I think there really is an issue with social media - indeed with the web itself. Partly because children are growing up with a fast changing media environment that their parents are also learning. The challenge isn't met with bans - the primary duty rests with parents - but with harm reduction strategies. Also, in the same way we socialised kids going to bed at seven or eight pm, we need to develop social tools - supported by good safety advice - that allow parents to control their children's use of the web.
What's clear is that growing up in the years since the mid 2000s has been a bit of a wild west. Parents didn't appreciate how troubling some of the content out there had become - the job now is to give parents the tools and information necessary to allow them some degree of peace of mind. I'm not sure simple bans and curfews - each requiring adults to ID themselves before using sites - are the solution. Not just because de facto forcing adults into a digital ID is wrong but because this doesn't mean children can't and won't breach the walls you build.

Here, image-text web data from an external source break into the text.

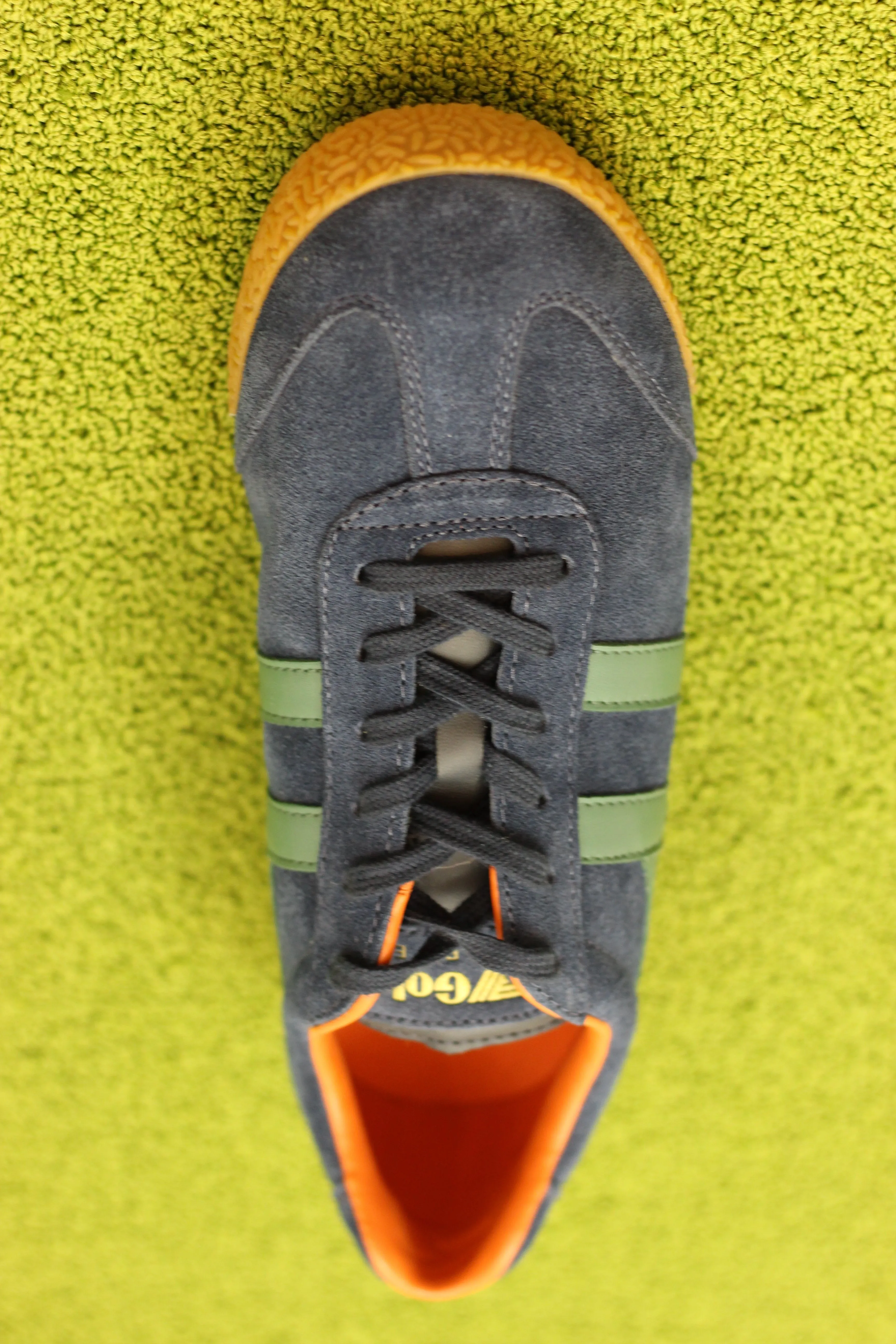 Men's Harrier Sneaker - Navy/Sage/Orange Suede/Leather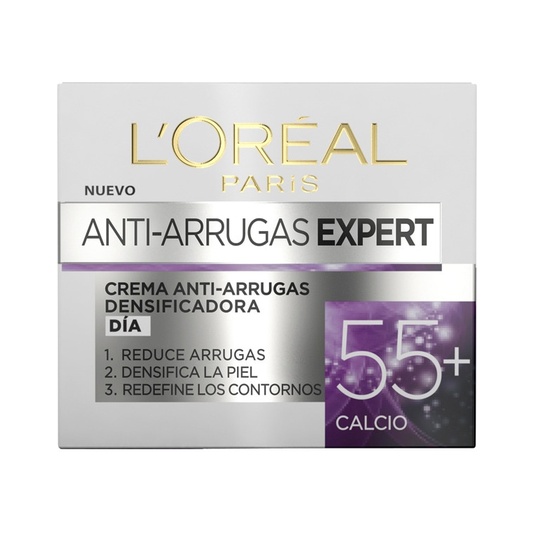 Expert crema anti-arrugas densificadora de día 55+ calcio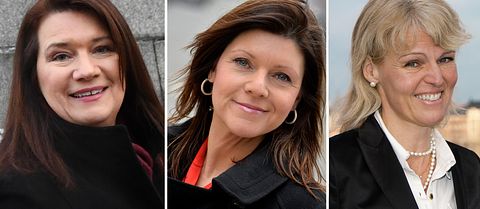 Ann Linde (S), Eva Nordmark (S) och Anna Hallberg presenterades som nya ministrar under riksdagsårets formella öppnande på tisdagen.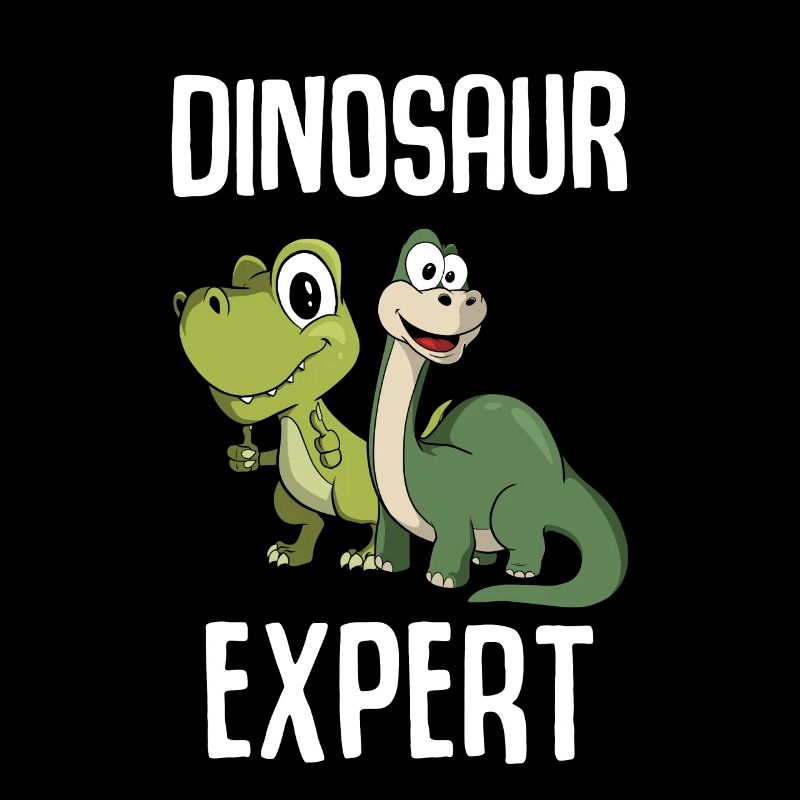 Dinosaurier Experte - Cartoon Dinosaurier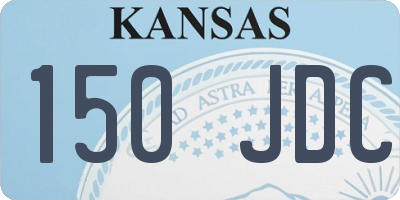 KS license plate 150JDC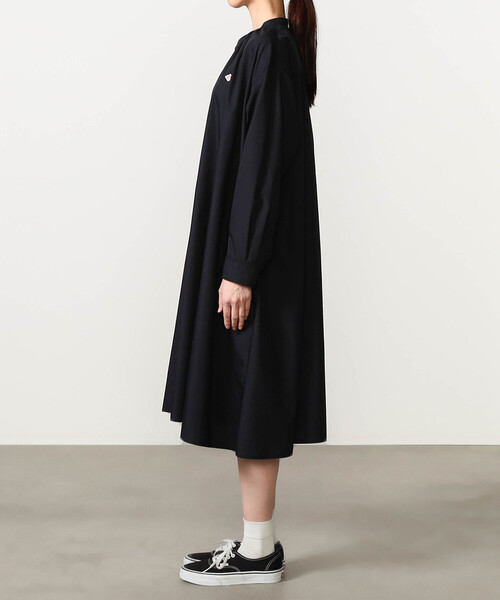 DANTON(ダントン)の「DANTON | ブロード ギャザーシャツワンピース WOMEN(ワンピース・レディース・オリーブ/ネイビー・36)」の11枚目の写真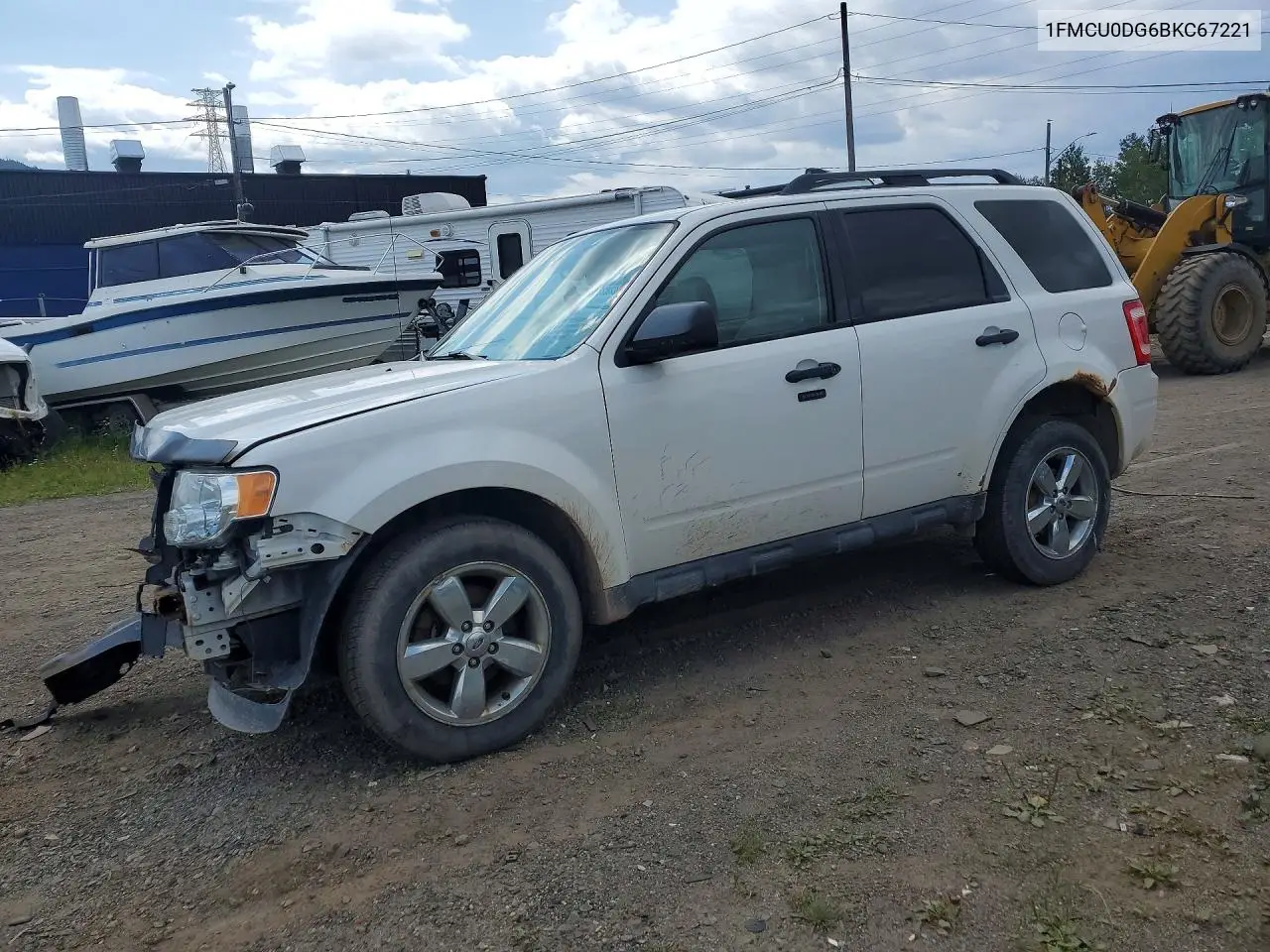 FORD ESCAPE 2011, VIN 1FMCU0DG6BKC67221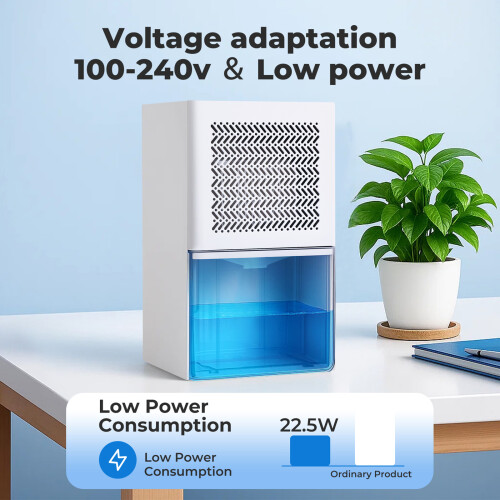 Spector 1L Quiet High-Efficiency Dehumidifier LED 2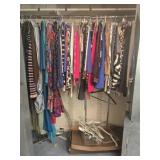 Closet lot of L/XL ladies clothing and hangers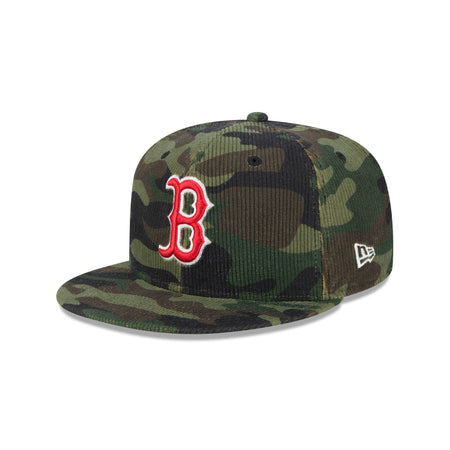 Boston Red Sox Camo Cord 59FIFTY Fitted Hat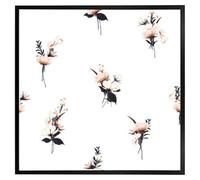 Andrew Lee Flower Bunches (Picutre Frame) / 16X16" / Brown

Finally smoking kills something like 70,000 people in Britain every year. There are a handful of tragic cases related to social media and some contested evidence about harm to mental health (although lockdown did vastly more damage to children's mental health than social media can even imagine). Calling social media "as bad as smoking" is simply another moral panic, a piece of ghastly nannying fussbucketry designed to scare people rather than help people. Anyone making this claim is a reprehensible shyster.